How these assemblies look on the MaizeGDB Genome Browser
For the video, after each description of how the assembly was generated, the display fades to a view of how the pseudomolecule is represented within the context of the MaizeGDB Genome Browser. Most maize researchers have used the MaizeGDB Genome Browser, so this is an attempt to relate the visuals researchers are accustomed to with the methods that were used for sequencing and assembly.
Entering the MaizeGDB Genome Browser
There are several ways to enter the Genome Browser from the MaizeGDB home page, and each is shown in this section of the video. Researchers can click on ‘Genome Browser’ on the home page, or use the simple search box at the top of any header or footer, and select ‘genome browser’ from the pull down menu. Another way to enter is through the MaizeGDB implementation of BLAST (10
). Researchers can BLAST a sequence against a genome assembly then upload hits to the browser as a separate, private track. We also have additional outreach videos that spend several minutes going through exactly how to do this.

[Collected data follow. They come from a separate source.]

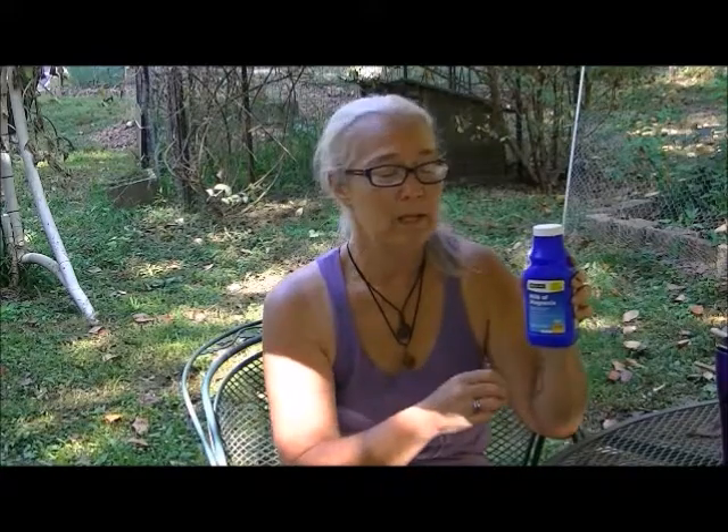You want to get it from the dollar store because it's unadulterated — it doesn't have extra stuff in it, it's just water and magnesium. What I do is I just shake it up, run it along my finger along the rim, rub it into my armpit, let it dry off, and I'm good to go for the day.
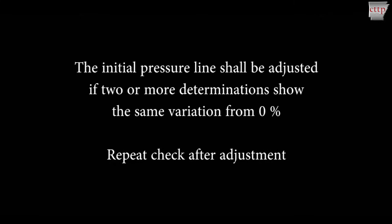Since changing the initial pressure line may alter the dial gauge readings, always perform a check of the dial gauge readings after adjusting the initial pressure line.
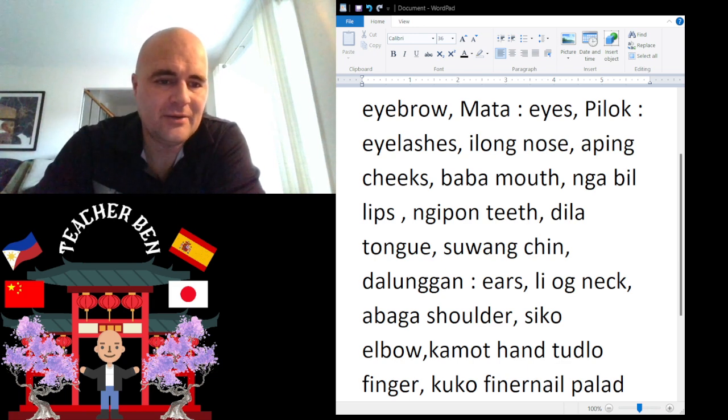And of course we have Tongue. Tongue is going to be Dilla. Dilla. Give it a try — Dilla.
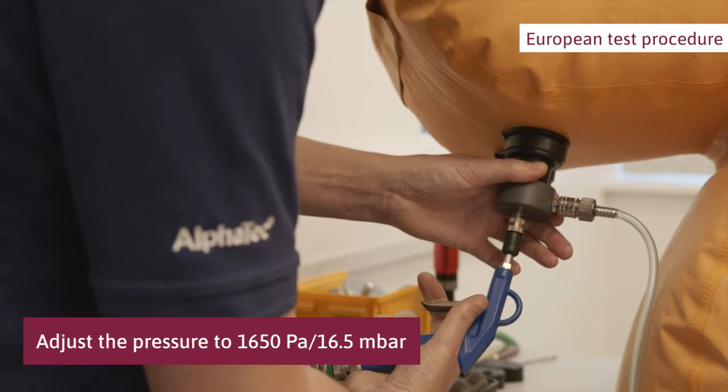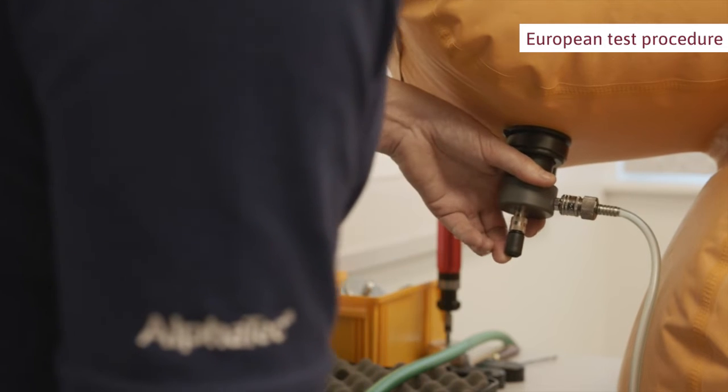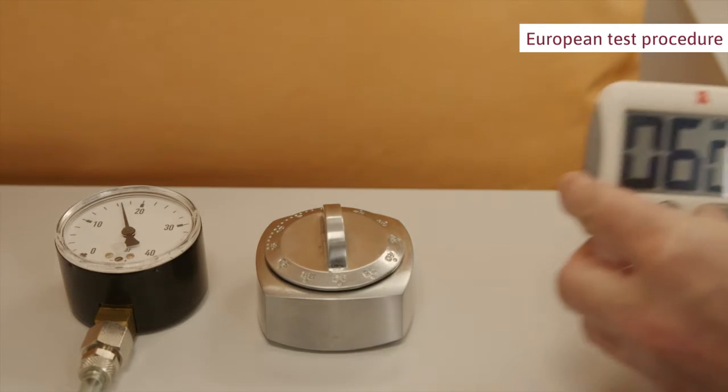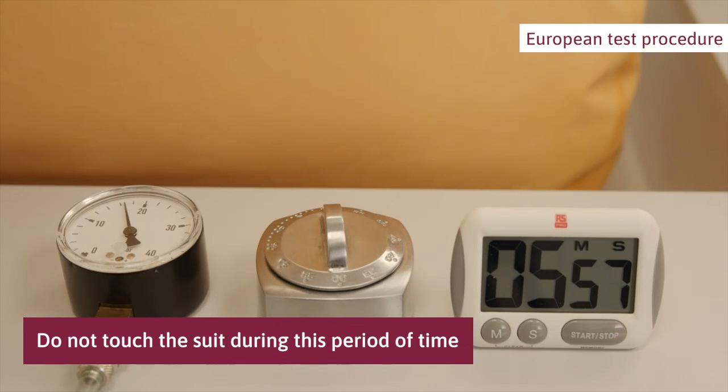After 10 minutes, adjust the pressure to 16.5 millibar. This is the test pressure. Set and start the timer and wait for 6 minutes. Do not touch the suit during this time.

General features of the genome browser
We use GBrowse (11
), and many of the features available within the MaizeGDB implementation of GBrowse are similar to those offered at other databases [e.g. Flybase (12
) and TAIR (13
)]. Several features are shown in the videos, including ‘rubberbanding’ your region of choice (i.e. choosing a specific region on the genome browser by clicking the mouse button and holding it down while selecting a region), how to get more information on the data in each track, collapsing and expanding tracks, making customized views, and more.
In the next part of the tutorial, some lesser-known features of the MaizeGDB Genome Browser are discussed: these were included based upon specific questions we received from researchers. Examples include how to: download sequence files, bookmark a region, upload private tracks and share private tracks. At the end of the tutorial, viewers are invited again to submit questions anytime, and our contact information is given.